O Salário Mínimo Profissional é uma conquista histórica das categorias e da engenharia que mobilizou o parlamento e a sociedade em plena ditadura civil-militar. Inspirada pelo engenheiro e político brasileiro Rubens Paiva, a lei 4.950-A de 1966, que instituiu o Salário Mínimo Profissional, é de autoria do então deputado e advogado Almino Affonso. Na época, o então presidente e marechal Castelo Branco vetou a lei, mas graças à mobilização das categorias, a Câmara derrubou o veto e hoje, o Salário Mínimo Profissional está em vigência há 55 anos. O SMP é um dos principais direitos da categoria, que prevê a utilização do valor de 8,5 salários mínimos, em jornadas de trabalho de 8 horas, para o piso inicial para engenheiros, agrônomos, químicos, arquitetos, médicos veterinários, todos no regime celetista.

De acordo com o engenheiro e presidente da Fisenge, a luta pelo Salário Mínimo Profissional nunca foi fácil. “É uma batalha enorme. Para conseguir a Lei [4.950-A/66] foi um processo demorado. Quando conseguimos aprovar na Câmara dos Deputados e a lei foi para a sanção, houve o veto total do Marechal Castelo Branco – que era o ditador daquela época. E a Câmara derrubou o veto, mesmo sob forte resistência empresarial. Hoje não temos dificuldade maior do que naquela época. Pelo menos, não estamos em uma ditadura, mas sabemos que é um processo ultraliberal. Em 1966, os nossos representantes atuaram e derrubaram o veto de um ditador! E a lei ficou valendo até hoje.

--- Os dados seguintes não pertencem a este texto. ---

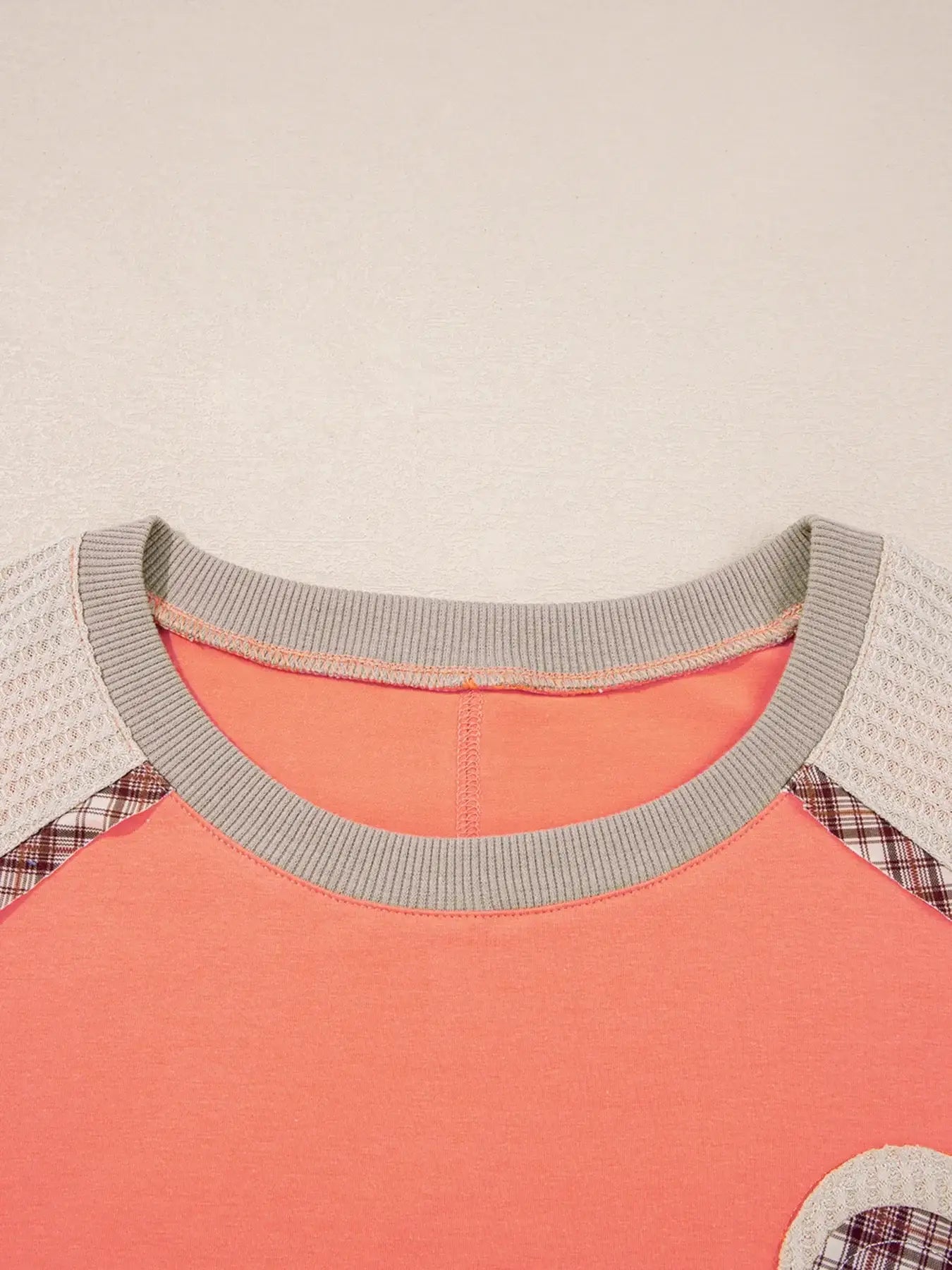 Plaid Waffle Flower Patchwork Contrast Top - Trendsi - Flyclothing LLC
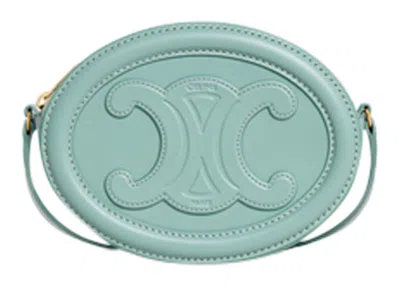 Pre-owned Celine Women's  Crossbody Oval Cuir Purse Triomphe Embroidery In Ice Mint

Temos que atuar juntos, todas as entidades de classe, categorias e movimentos sociais, porque valorizar a engenharia significa valorizar a sociedade”, destacou Freire.

Presidente da Fisenge, Roberto Freire, na terceira reunião ordinária do Colégio de Presidentes dos Creas, promovida de modo híbrido em Cuiabá (MT) em Julho/2021

Outro dispositivo de ataque à organização dos engenheiros e das engenheiras é o impedimento dos conselhos profissionais de suspenderem o exercício profissional dos inadimplentes ou daqueles com mensalidades em atraso. E também dispensa a Anotação de Responsabilidade Técnica (ART) nos pedidos de ligação de energia elétrica junto às empresas prestadores de serviços, outra fonte de receita dos conselhos. A fiscalização é fundamental para garantir segurança, bem-estar e políticas públicas de qualidade para a população. Por meio da atuação dos conselhos, é possível normatizar a responsabilidade civil, ambiental e social de obras, barragens, hidrelétricas, por exemplo. Na prática, a chamada “desburocratização” advém de um modelo neoliberal e propõe uma desregulamentação e desvalorização da categoria, fragilizando a segurança dos serviços prestados à sociedade.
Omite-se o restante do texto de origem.